[MATERIAL PROVIDED — start]
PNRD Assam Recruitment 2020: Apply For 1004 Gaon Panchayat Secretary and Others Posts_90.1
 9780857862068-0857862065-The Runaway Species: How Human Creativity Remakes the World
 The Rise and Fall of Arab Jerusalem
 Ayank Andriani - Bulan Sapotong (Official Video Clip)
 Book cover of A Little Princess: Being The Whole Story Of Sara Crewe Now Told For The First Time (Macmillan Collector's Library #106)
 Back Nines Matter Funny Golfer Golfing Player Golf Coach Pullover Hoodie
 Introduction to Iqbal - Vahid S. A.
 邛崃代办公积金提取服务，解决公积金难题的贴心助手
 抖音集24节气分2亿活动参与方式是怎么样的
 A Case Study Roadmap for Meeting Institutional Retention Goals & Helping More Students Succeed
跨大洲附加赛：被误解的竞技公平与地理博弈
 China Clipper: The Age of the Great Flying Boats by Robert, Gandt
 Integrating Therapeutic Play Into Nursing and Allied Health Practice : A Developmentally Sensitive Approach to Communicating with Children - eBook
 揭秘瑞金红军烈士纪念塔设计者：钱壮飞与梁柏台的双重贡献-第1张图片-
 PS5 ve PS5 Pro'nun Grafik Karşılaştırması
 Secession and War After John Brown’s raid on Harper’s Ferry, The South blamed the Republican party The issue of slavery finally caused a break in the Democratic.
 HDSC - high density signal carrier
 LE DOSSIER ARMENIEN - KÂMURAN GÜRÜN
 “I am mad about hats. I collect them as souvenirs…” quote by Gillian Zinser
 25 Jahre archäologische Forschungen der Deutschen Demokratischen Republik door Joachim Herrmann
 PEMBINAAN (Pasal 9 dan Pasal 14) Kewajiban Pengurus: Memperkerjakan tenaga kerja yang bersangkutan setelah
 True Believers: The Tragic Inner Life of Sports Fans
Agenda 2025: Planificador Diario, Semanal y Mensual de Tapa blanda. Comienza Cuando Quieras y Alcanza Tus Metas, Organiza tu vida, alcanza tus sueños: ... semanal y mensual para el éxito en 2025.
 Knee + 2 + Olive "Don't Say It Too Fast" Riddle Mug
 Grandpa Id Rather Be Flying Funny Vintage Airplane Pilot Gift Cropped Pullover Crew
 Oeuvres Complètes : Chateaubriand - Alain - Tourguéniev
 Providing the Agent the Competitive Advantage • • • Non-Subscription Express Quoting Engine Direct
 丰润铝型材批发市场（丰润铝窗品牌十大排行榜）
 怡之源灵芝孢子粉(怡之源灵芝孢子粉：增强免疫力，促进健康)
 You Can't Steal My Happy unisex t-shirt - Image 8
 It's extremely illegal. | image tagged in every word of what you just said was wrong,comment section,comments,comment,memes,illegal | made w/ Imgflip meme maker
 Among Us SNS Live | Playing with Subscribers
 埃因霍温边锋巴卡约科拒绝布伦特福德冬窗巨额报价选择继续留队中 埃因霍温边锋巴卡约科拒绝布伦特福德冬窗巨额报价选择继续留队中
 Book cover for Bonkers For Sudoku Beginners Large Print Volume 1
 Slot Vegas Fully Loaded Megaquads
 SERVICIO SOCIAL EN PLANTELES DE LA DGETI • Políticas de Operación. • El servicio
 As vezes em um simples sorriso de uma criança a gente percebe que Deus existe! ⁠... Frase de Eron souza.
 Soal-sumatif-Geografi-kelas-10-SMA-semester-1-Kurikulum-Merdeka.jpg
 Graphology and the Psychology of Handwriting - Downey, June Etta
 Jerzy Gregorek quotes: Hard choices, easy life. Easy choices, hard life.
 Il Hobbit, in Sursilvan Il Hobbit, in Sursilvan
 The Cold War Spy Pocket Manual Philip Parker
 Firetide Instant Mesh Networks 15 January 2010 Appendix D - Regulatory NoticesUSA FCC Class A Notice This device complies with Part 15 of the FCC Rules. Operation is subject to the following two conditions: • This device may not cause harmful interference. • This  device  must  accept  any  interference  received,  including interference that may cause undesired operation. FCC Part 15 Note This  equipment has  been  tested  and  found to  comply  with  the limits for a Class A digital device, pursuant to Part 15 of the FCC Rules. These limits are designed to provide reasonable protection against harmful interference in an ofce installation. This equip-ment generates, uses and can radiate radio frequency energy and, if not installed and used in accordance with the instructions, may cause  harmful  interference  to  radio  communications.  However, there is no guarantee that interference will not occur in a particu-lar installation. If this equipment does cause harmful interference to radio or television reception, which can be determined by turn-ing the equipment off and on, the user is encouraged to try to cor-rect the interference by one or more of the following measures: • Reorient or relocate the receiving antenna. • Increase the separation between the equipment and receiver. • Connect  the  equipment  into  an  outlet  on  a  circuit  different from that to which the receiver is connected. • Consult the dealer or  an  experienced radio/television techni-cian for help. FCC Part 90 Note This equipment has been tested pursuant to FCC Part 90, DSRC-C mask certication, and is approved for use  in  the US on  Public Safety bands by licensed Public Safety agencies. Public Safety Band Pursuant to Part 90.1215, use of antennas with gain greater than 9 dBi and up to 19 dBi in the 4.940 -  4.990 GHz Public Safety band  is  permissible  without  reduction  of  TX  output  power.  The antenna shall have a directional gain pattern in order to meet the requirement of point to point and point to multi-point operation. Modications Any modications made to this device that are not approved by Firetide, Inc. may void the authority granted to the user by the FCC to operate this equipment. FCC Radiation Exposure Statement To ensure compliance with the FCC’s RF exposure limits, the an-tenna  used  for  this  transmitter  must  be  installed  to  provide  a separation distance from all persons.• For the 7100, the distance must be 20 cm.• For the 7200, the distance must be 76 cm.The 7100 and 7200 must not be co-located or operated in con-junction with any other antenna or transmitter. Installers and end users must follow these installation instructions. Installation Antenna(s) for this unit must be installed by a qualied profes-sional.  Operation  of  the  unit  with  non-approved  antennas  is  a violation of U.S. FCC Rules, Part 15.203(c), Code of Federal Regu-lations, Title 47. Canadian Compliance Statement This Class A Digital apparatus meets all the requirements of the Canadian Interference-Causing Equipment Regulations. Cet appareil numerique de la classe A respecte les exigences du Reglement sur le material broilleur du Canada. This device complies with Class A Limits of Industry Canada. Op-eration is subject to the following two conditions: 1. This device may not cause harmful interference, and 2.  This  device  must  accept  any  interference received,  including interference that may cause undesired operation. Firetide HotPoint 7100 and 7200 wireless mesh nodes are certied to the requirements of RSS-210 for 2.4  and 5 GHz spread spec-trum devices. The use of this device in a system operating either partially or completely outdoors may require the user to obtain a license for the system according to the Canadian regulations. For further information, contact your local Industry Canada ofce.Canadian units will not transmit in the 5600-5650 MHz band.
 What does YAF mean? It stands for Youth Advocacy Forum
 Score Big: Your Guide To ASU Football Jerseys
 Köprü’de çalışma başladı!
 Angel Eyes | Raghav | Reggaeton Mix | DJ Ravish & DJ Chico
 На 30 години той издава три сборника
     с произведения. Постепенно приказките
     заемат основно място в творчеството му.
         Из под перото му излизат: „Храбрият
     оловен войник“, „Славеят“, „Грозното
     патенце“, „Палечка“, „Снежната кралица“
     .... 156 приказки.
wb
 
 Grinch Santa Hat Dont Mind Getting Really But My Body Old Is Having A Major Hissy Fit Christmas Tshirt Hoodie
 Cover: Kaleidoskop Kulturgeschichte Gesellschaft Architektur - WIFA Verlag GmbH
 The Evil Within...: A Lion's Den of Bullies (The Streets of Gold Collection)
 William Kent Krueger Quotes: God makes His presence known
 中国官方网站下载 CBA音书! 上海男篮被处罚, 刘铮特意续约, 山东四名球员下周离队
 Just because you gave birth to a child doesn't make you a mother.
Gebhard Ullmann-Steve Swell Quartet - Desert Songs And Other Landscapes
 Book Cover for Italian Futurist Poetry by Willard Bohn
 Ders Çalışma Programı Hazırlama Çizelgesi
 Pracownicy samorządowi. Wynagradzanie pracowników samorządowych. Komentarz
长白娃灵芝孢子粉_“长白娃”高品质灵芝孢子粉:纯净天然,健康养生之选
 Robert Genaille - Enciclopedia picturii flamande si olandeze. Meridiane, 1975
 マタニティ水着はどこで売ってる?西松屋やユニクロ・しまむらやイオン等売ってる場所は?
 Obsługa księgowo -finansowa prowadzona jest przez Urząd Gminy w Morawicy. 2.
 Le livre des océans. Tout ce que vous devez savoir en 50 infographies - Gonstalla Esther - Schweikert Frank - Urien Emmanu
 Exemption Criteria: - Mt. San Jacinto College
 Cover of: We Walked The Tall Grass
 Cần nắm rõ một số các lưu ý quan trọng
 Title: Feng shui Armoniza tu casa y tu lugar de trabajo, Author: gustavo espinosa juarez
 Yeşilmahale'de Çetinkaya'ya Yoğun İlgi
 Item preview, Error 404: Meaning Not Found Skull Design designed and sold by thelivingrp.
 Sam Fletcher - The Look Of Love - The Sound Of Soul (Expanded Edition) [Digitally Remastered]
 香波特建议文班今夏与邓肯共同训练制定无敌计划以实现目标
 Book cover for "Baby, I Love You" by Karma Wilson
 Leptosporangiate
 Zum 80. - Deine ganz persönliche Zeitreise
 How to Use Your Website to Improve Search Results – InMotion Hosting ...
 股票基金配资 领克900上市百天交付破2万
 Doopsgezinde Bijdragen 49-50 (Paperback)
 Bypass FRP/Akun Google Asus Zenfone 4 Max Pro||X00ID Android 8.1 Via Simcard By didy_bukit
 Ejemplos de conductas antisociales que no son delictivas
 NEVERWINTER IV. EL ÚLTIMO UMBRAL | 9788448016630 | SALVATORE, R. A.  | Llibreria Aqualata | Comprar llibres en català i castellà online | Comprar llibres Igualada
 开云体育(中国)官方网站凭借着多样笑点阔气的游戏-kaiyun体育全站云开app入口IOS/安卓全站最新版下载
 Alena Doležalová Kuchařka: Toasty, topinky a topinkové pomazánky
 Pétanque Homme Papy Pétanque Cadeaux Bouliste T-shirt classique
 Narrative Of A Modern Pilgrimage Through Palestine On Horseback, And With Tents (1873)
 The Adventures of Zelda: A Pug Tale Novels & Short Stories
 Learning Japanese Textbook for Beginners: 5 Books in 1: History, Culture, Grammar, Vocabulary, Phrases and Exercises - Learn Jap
[MATERIAL PROVIDED — finish]
PROBLEM STATEMENT>
If a line comes after the one containing "Oeuvres Complètes : Chateaubriand", leave it out; set down every line of the data before it, and that line itself, exactly.

EXPECTED OUTPUT>
PNRD Assam Recruitment 2020: Apply For 1004 Gaon Panchayat Secretary and Others Posts_90.1
 9780857862068-0857862065-The Runaway Species: How Human Creativity Remakes the World
 The Rise and Fall of Arab Jerusalem
 Ayank Andriani - Bulan Sapotong (Official Video Clip)
 Book cover of A Little Princess: Being The Whole Story Of Sara Crewe Now Told For The First Time (Macmillan Collector's Library #106)
 Back Nines Matter Funny Golfer Golfing Player Golf Coach Pullover Hoodie
 Introduction to Iqbal - Vahid S. A.
 邛崃代办公积金提取服务，解决公积金难题的贴心助手
 抖音集24节气分2亿活动参与方式是怎么样的
 A Case Study Roadmap for Meeting Institutional Retention Goals & Helping More Students Succeed
跨大洲附加赛：被误解的竞技公平与地理博弈
 China Clipper: The Age of the Great Flying Boats by Robert, Gandt
 Integrating Therapeutic Play Into Nursing and Allied Health Practice : A Developmentally Sensitive Approach to Communicating with Children - eBook
 揭秘瑞金红军烈士纪念塔设计者：钱壮飞与梁柏台的双重贡献-第1张图片-
 PS5 ve PS5 Pro'nun Grafik Karşılaştırması
 Secession and War After John Brown’s raid on Harper’s Ferry, The South blamed the Republican party The issue of slavery finally caused a break in the Democratic.
 HDSC - high density signal carrier
 LE DOSSIER ARMENIEN - KÂMURAN GÜRÜN
 “I am mad about hats. I collect them as souvenirs…” quote by Gillian Zinser
 25 Jahre archäologische Forschungen der Deutschen Demokratischen Republik door Joachim Herrmann
 PEMBINAAN (Pasal 9 dan Pasal 14) Kewajiban Pengurus: Memperkerjakan tenaga kerja yang bersangkutan setelah
 True Believers: The Tragic Inner Life of Sports Fans
Agenda 2025: Planificador Diario, Semanal y Mensual de Tapa blanda. Comienza Cuando Quieras y Alcanza Tus Metas, Organiza tu vida, alcanza tus sueños: ... semanal y mensual para el éxito en 2025.
 Knee + 2 + Olive "Don't Say It Too Fast" Riddle Mug
 Grandpa Id Rather Be Flying Funny Vintage Airplane Pilot Gift Cropped Pullover Crew
 Oeuvres Complètes : Chateaubriand - Alain - Tourguéniev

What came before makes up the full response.